Alimentation en plein air
Ensemble on va plus loin
L’éducation à l’écocitoyenneté passe certainement aussi par un peu de mobilisation collective pour faire pression auprès des élus… Ainsi, l’an dernier, M. Busque a épaulé ses étudiants dans la préparation d’un manifeste que ces derniers ont présenté au conseil municipal de leur ville. On y retrouvait, entre autres, des revendications qui reflètent leurs inquiétudes face à l’utilisation des plastiques à usage unique. On y parlait aussi de l’urgence d’une transition énergétique.
On protège ce qu’on connaît
Nicolas Busque mentionne qu’il faut d’abord aller jouer dehors et connecter avec la nature pour ensuite vouloir la protéger. Notant que ses étudiants présentaient des symptômes de « déficit de nature », l’enseignant a récemment instauré le programme Écopleinair à l’Odyssée.
Ce nouveau cours de 5e secondaire sort les adolescents des classes et les place en contact étroit avec l’environnement. Il comporte des activités extérieures allant du canotage au ski de fond, en passant par l’étude des sols et la cuisine en plein air. Les jeunes y développent une passion et un enthousiasme pour le milieu naturel qui les suivront toute leur vie!

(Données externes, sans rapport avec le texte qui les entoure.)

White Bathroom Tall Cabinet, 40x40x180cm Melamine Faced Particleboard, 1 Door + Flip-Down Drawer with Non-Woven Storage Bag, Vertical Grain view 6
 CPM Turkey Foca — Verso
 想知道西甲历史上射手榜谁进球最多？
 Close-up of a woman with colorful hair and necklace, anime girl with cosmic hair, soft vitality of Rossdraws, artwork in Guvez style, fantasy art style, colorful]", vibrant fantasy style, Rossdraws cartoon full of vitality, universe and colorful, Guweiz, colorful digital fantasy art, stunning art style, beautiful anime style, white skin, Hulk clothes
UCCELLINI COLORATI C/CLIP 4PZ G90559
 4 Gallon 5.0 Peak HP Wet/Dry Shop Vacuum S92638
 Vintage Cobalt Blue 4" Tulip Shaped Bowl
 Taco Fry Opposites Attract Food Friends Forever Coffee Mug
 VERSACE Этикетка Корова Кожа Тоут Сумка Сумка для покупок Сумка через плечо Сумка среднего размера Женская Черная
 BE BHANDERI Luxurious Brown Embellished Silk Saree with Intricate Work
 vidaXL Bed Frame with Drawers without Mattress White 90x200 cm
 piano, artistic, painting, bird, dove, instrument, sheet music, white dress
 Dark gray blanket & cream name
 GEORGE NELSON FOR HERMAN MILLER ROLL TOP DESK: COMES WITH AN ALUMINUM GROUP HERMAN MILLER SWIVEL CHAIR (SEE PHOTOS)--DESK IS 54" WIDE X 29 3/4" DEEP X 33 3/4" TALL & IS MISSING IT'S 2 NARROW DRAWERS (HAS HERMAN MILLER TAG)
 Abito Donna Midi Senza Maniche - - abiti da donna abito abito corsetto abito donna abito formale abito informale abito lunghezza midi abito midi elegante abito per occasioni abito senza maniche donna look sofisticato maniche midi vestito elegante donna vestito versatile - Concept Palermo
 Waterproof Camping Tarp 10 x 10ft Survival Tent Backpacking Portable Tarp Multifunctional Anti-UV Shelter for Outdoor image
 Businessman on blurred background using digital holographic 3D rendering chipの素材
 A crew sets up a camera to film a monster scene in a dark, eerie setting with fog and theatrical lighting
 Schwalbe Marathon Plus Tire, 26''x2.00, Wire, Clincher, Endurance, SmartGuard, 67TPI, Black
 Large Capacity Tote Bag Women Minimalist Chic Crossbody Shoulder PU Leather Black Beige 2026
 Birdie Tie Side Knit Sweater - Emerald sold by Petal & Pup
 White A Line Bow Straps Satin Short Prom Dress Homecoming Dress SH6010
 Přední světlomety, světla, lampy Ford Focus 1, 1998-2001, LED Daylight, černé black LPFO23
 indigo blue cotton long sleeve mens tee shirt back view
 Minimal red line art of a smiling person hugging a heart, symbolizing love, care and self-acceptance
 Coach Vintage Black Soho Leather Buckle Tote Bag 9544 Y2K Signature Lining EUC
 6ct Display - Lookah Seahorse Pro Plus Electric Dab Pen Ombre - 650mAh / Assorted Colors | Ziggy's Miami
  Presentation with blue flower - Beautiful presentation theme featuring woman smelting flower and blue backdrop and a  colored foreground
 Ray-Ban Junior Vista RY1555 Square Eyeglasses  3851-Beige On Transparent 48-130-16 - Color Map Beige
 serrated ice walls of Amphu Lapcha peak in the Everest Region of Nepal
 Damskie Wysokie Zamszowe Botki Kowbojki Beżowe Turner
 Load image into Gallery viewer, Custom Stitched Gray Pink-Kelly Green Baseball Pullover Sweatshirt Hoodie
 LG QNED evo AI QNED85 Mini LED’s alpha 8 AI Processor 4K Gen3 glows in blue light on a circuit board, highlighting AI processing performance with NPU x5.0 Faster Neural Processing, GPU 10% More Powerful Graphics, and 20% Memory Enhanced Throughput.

Sortie de canot du groupe Écopleinair
Répandre les semences du changement
Le plus important pour Nicolas et son équipe, c’est que tous leurs efforts motivent d’autres communautés à agir. Plusieurs écoles de la province se sont d’ailleurs déjà inspirées du projet Carboneutre pour diminuer leur impact écologique, notamment à Rigaud, Acton-Vale, Montréal, Windsor, Magog et Lévis.
Mais le rêve ultime de l’instigateur du projet est de convaincre notre gouvernement que l’écocitoyenneté devrait faire partie intégrale du programme scolaire, du primaire au secondaire. « Il faut revoir ce qu’il est important d’enseigner aux élèves. Et c’est de l’action dont les jeunes ont besoin, pas seulement d’apprendre dans les livres. »
Selon Nicolas, l’apprentissage du jardinage pourrait bien un jour primer sur la mémorisation du tableau périodique des éléments dans nos écoles. Du moins, c’est ce qu’il espère!